*** Opening Source material ***

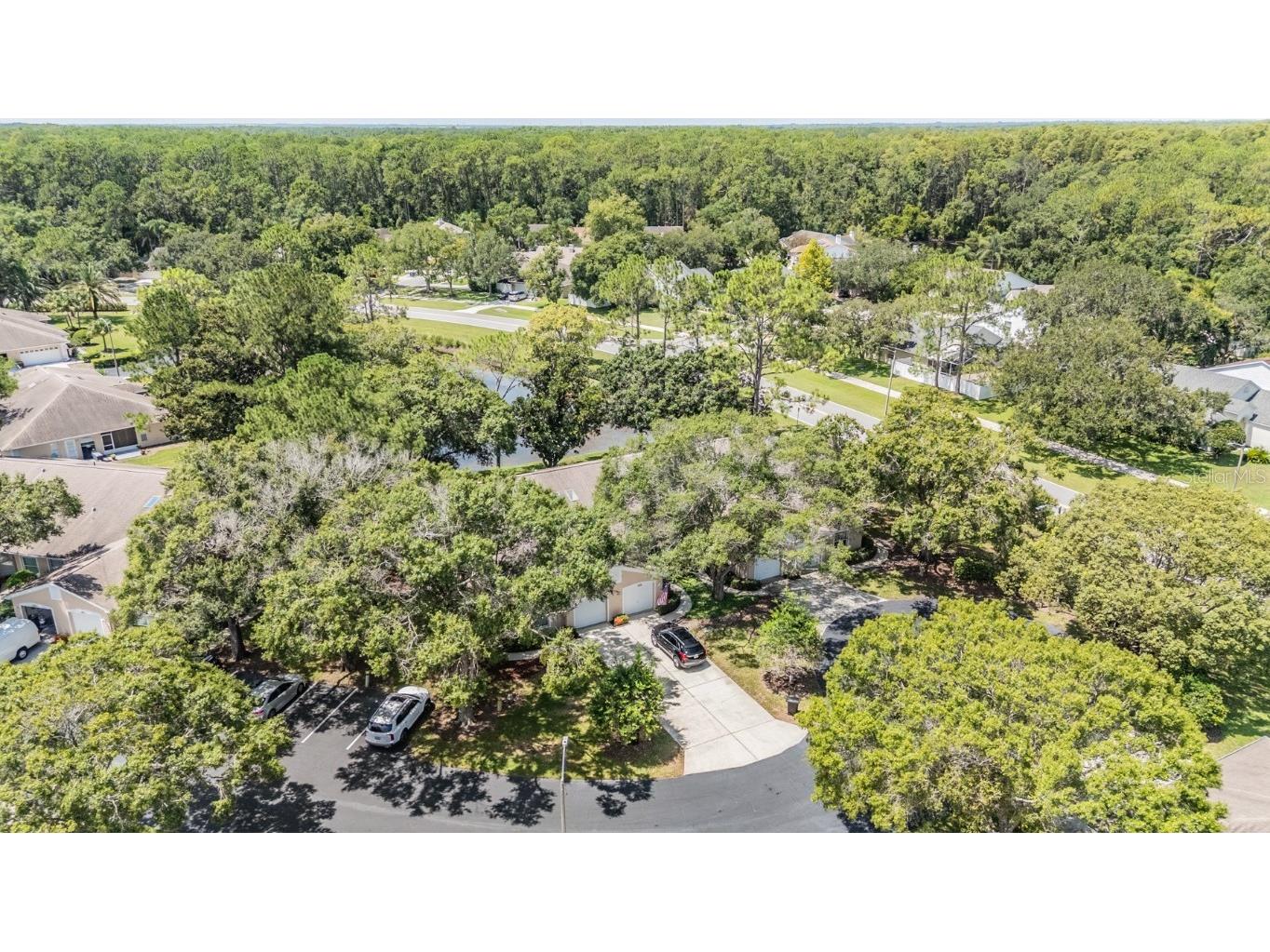 4504 Connery Court Palm Harbor FL 34685 TB8454696 image29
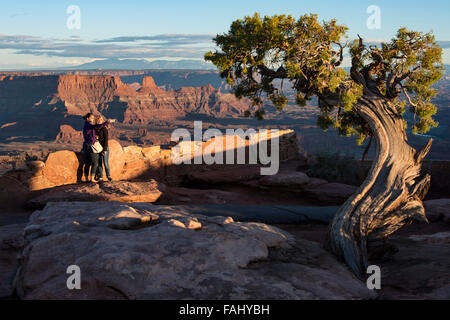 Juniper tree and view from Dead Horse Point, Dead Horse State Park, Moab, Utah. Stock Photo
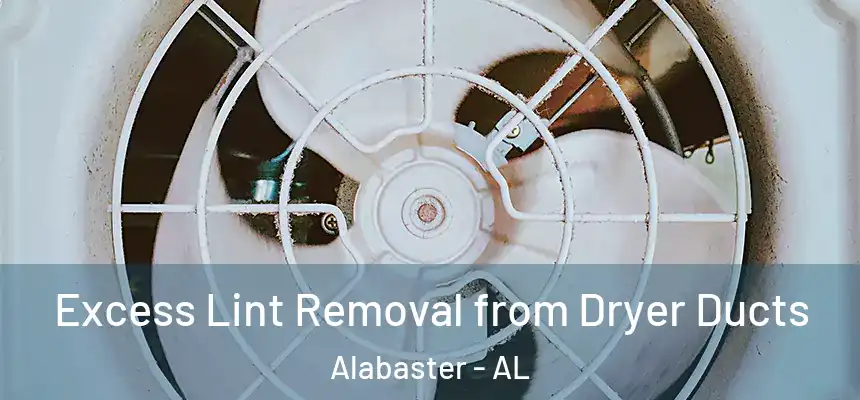 Excess Lint Removal from Dryer Ducts Alabaster - AL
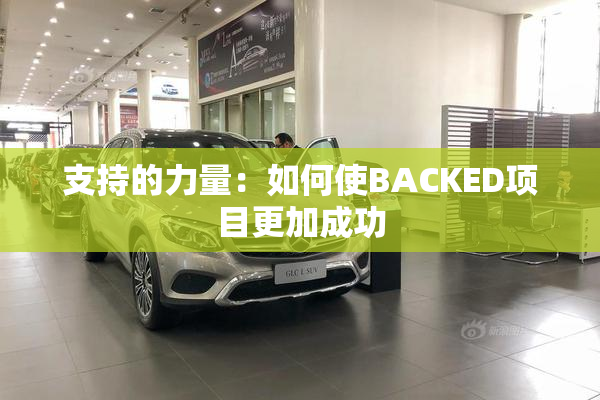 支持的力量：如何使BACKED项目更加成功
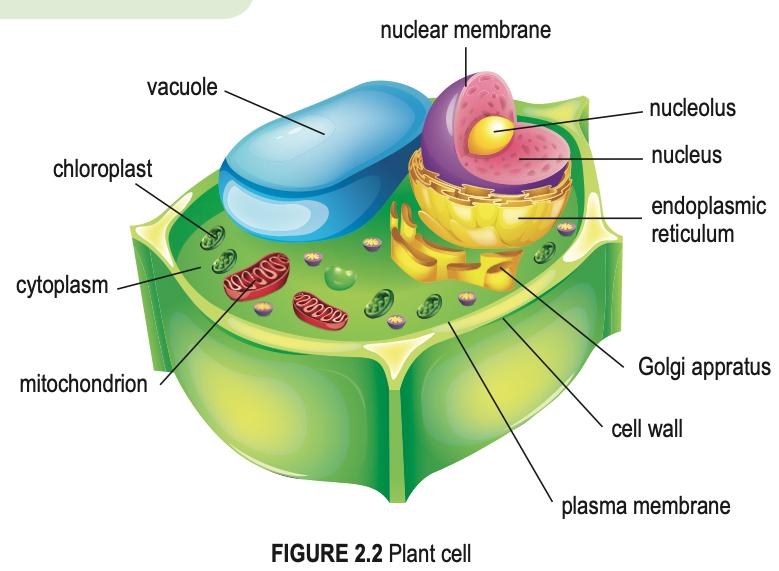 Labelled plant cell showing cell wall, plasma membrane, large vacuole, chloroplasts, nucleus, mitochondrion and Golgi apparatus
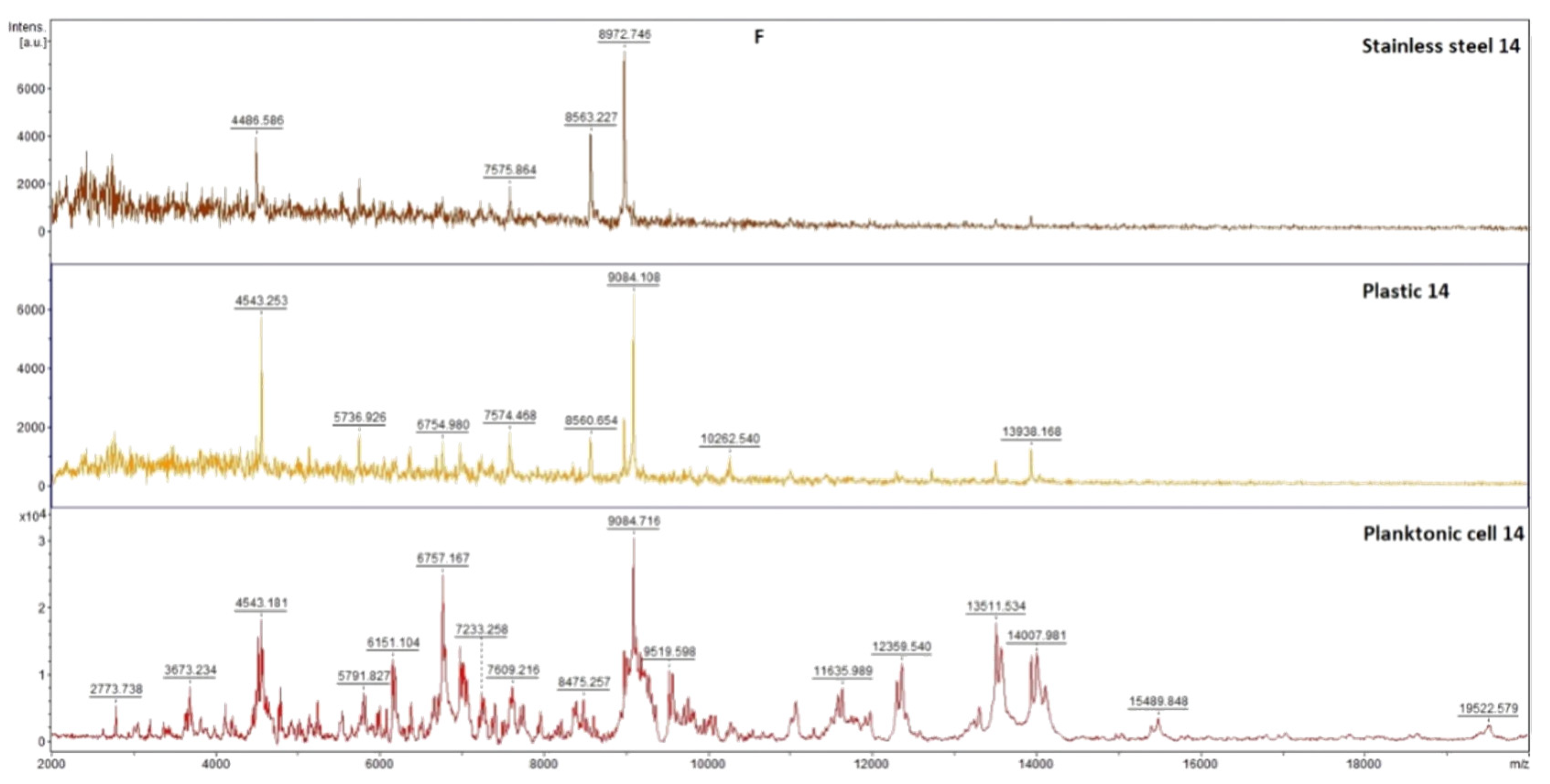 Plants 11 03213 g005c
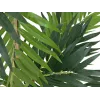 EUROPALMS Planta artificial palmera, 150 cm 82509495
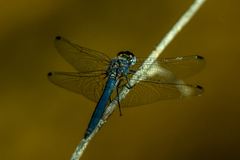 Trithemis furva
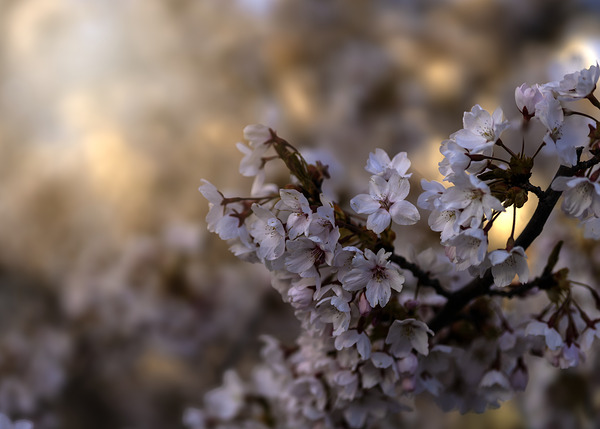 Cherry Blossom Téléchargement Numérique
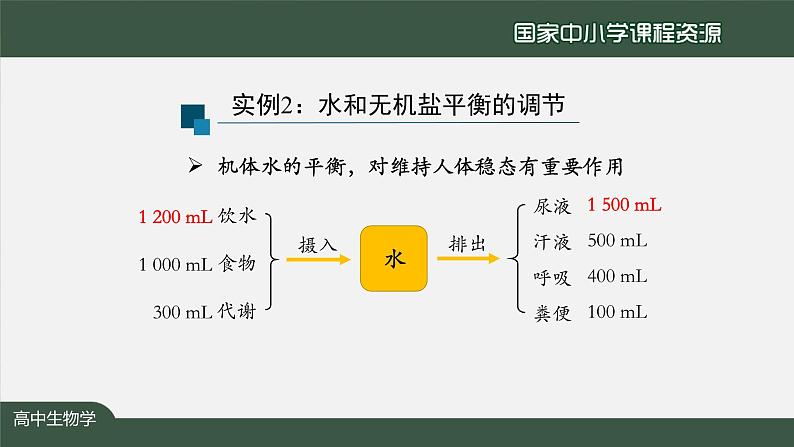 高中生物精品课件 3.3体液调节与神经调节的关系（第2课时）03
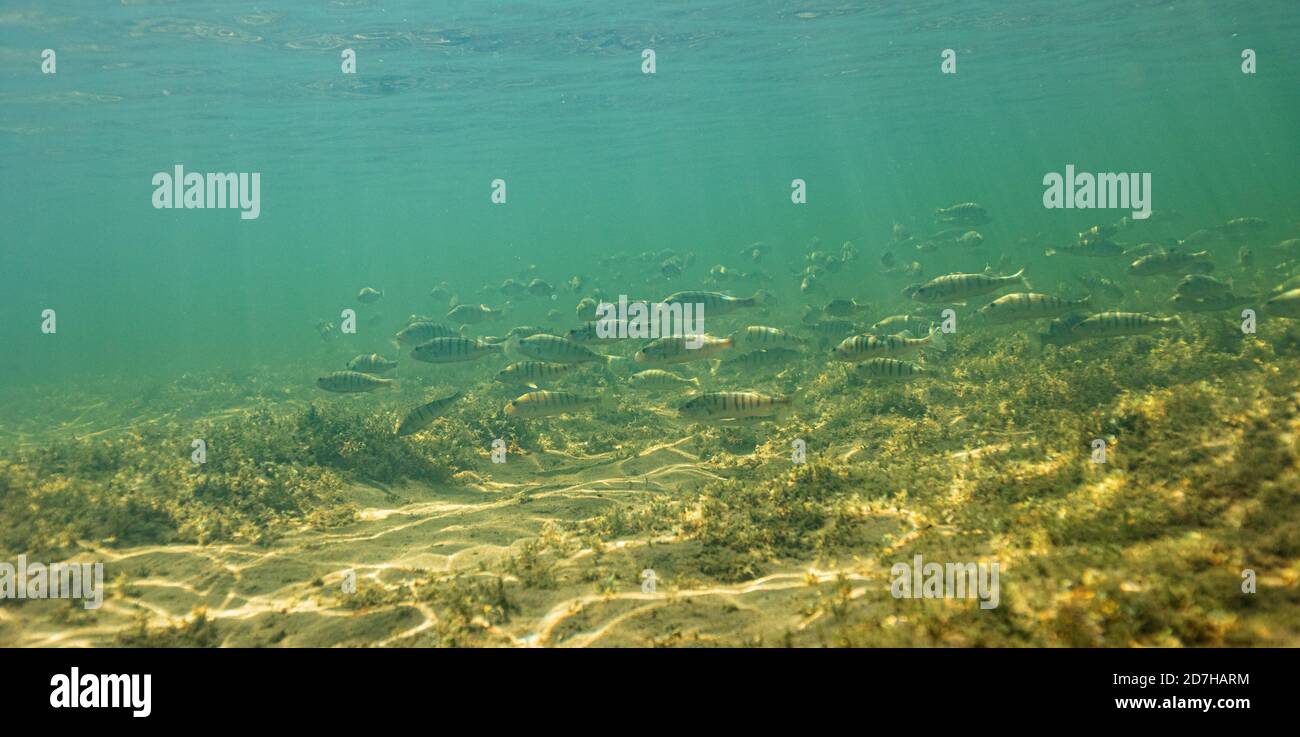 lake baikal bottom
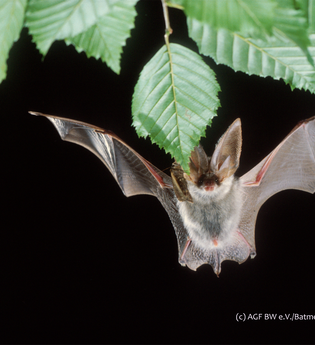 Fledermäuse - Jäger der Dunkelheit Aktionsnachmittag im Naturparkzentrum | © AGF BW_Batmedia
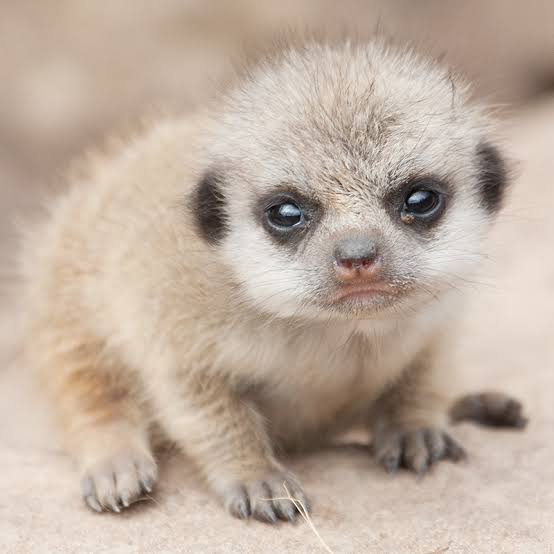 動物の赤ちゃん画像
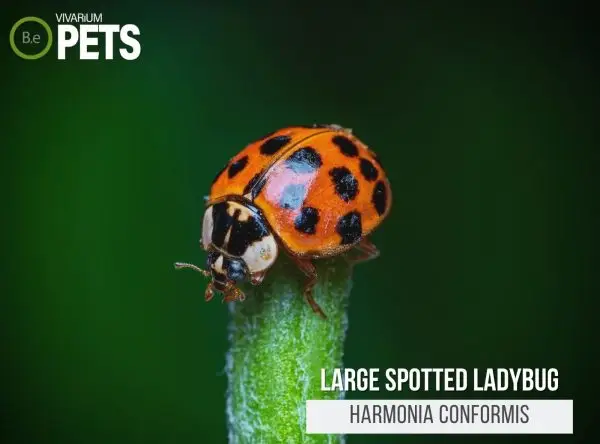 Harmonia conformis: A Large Spotted Ladybird Care Guide!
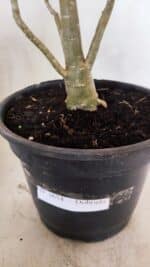 Planta Dobrada 3654 – 40cm – 03 anos - Imagem 4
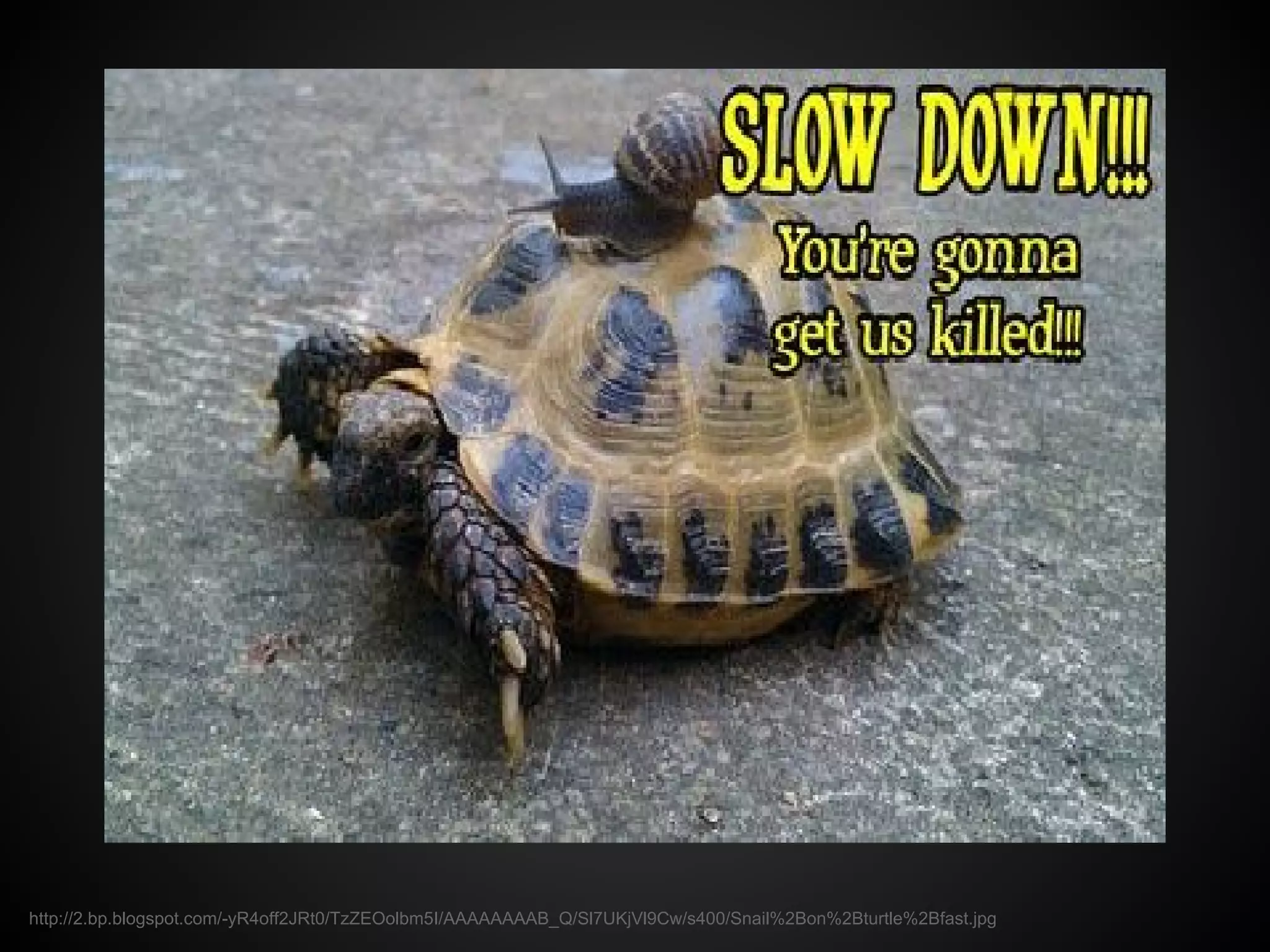 http://2.bp.blogspot.com/-yR4off2JRt0/TzZEOolbm5I/AAAAAAAAB_Q/Sl7UKjVl9Cw/s400/Snail%2Bon%2Bturtle%2Bfast.jpg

*** Closing Source material ***

Leave every picture out, and transcribe the data above exactly as it reads.

**Answer below**:
 4504 Connery Court Palm Harbor FL 34685 TB8454696 image29
 Juniper tree and view from Dead Horse Point, Dead Horse State Park, Moab, Utah. Stock Photo
 Excess Lint Removal from Dryer Ducts Alabaster - AL
 支持的力量：如何使BACKED项目更加成功
 Labelled plant cell showing cell wall, plasma membrane, large vacuole, chloroplasts, nucleus, mitochondrion and Golgi apparatus
 Plants 11 03213 g005c
 EUROPALMS Planta artificial palmera, 150 cm 82509495
 Trithemis furva
 Cherry Blossom Téléchargement Numérique
 高中生物精品课件 3.3体液调节与神经调节的关系（第2课时）03
 lake baikal bottom
 Fledermäuse - Jäger der Dunkelheit Aktionsnachmittag im Naturparkzentrum | © AGF BW_Batmedia
 動物の赤ちゃん画像
 Harmonia conformis: A Large Spotted Ladybird Care Guide!
 Planta Dobrada 3654 – 40cm – 03 anos - Imagem 4
 http://2.bp.blogspot.com/-yR4off2JRt0/TzZEOolbm5I/AAAAAAAAB_Q/Sl7UKjVl9Cw/s400/Snail%2Bon%2Bturtle%2Bfast.jpg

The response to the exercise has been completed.